EXERCISE OBJECTIVE:
Exact copy, pictures excluded: set down only the lines from the one with "António Costa recebeu" through the end of the entries, keeping both end lines.

Short text fragments from websites:
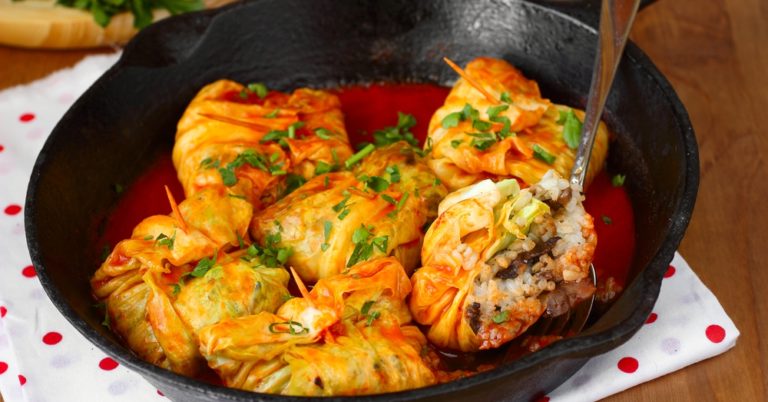 Vegetarian Stuffed Cabbage Rolls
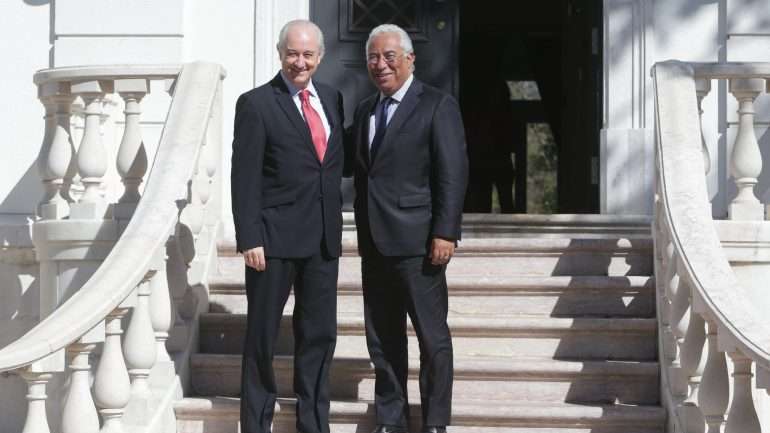 António Costa recebeu o líder do PSD na residência oficial do primeiro-ministro. Rio diz que encontro fez lembrar outros que tiveram no passado, enquanto autarcas
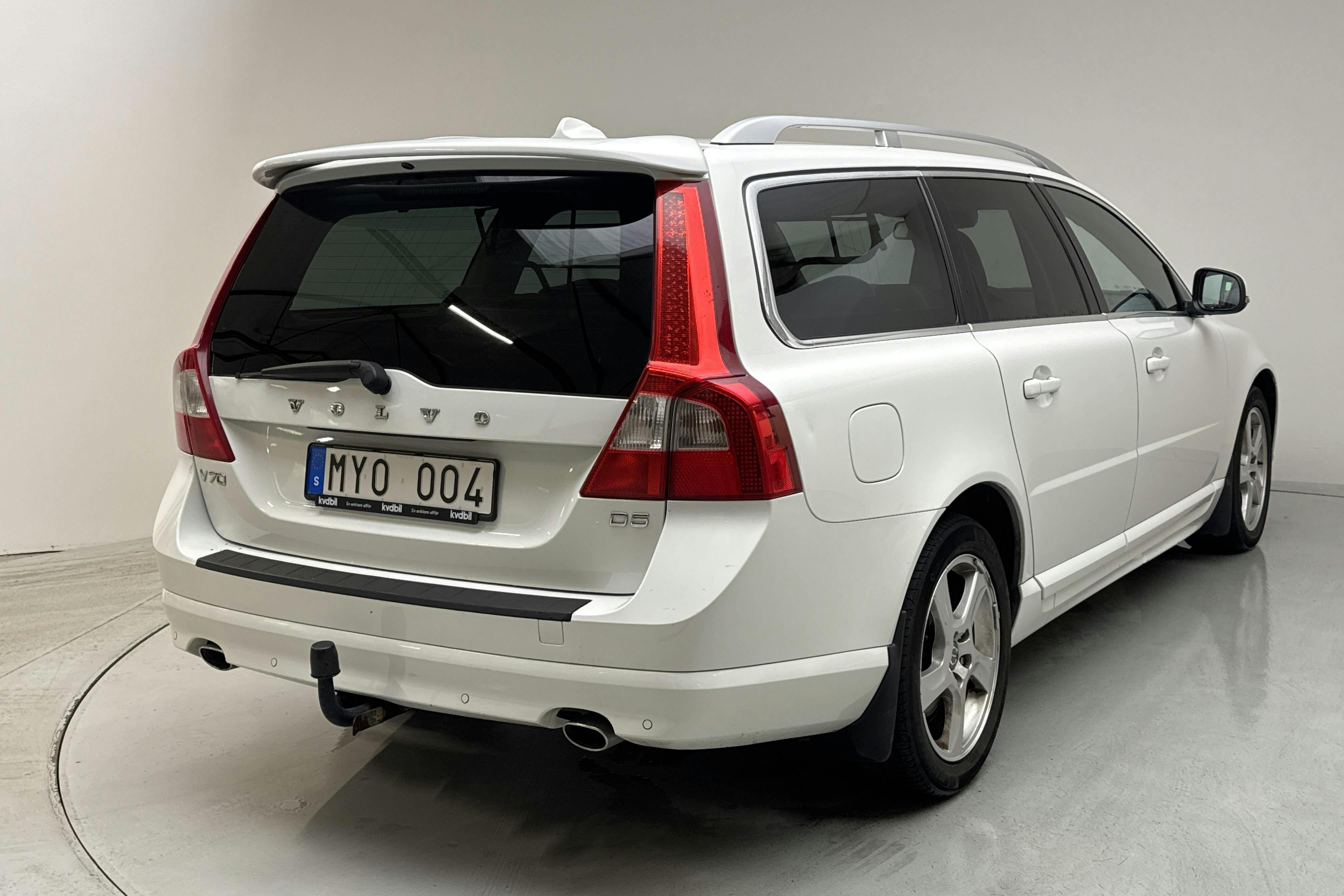 Volvo V70 II D5 (215hk) - 211 390 km - Automatic - white - 2013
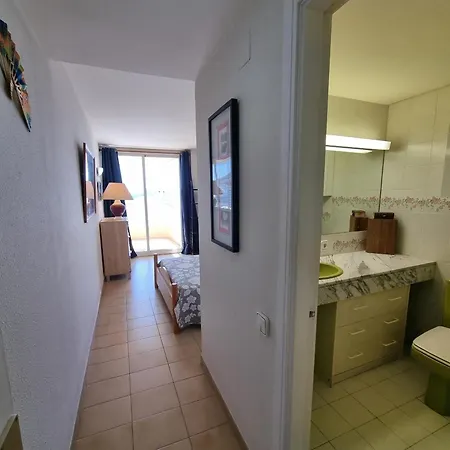 Appartamento Moderno Cerca De La Playa Con Terraza - Hisp-236-128 *
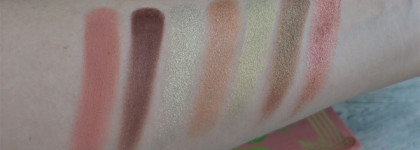 Минималистичная косметичка марта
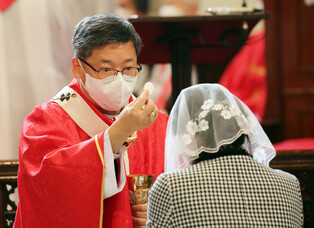 [Moment to Focus] Archbishop's holy communion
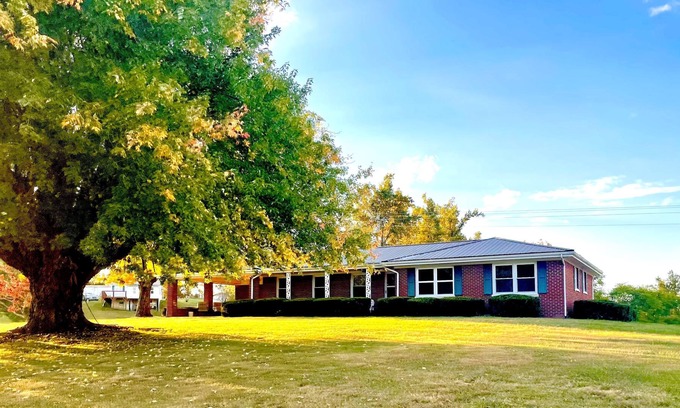Waneta House | DRY FORK RANCH/ Spacious 3BR house close to necessities and outdoor adventures.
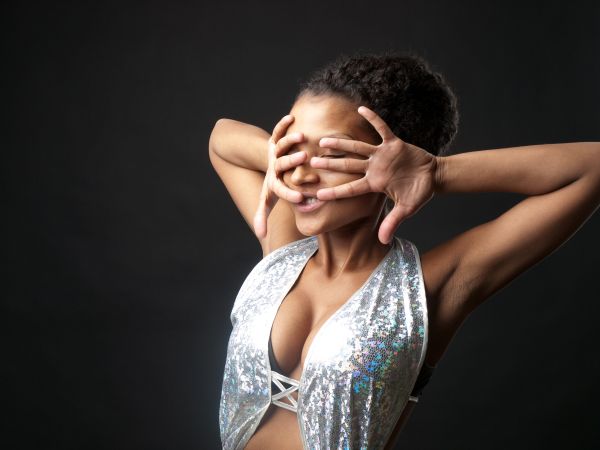 - Bulă, am auzit că soţia ta s-a angajat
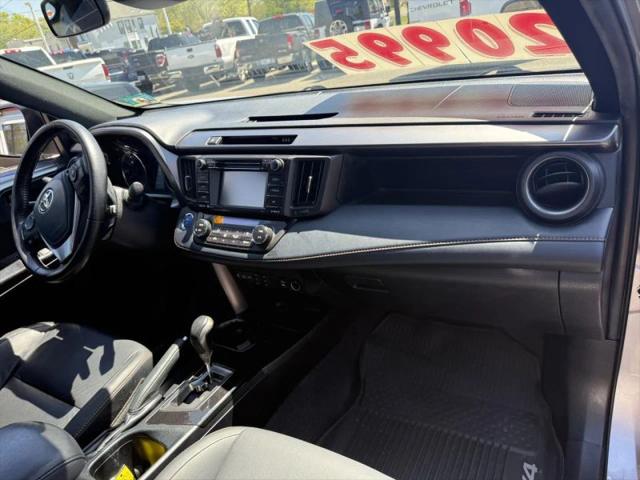 2018 Toyota RAV4 Hybrid SE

REPLY:
 António Costa recebeu o líder do PSD na residência oficial do primeiro-ministro. Rio diz que encontro fez lembrar outros que tiveram no passado, enquanto autarcas
 Volvo V70 II D5 (215hk) - 211 390 km - Automatic - white - 2013
 Appartamento Moderno Cerca De La Playa Con Terraza - Hisp-236-128 *
 Минималистичная косметичка марта
 [Moment to Focus] Archbishop's holy communion
Waneta House | DRY FORK RANCH/ Spacious 3BR house close to necessities and outdoor adventures.
 - Bulă, am auzit că soţia ta s-a angajat
 2018 Toyota RAV4 Hybrid SE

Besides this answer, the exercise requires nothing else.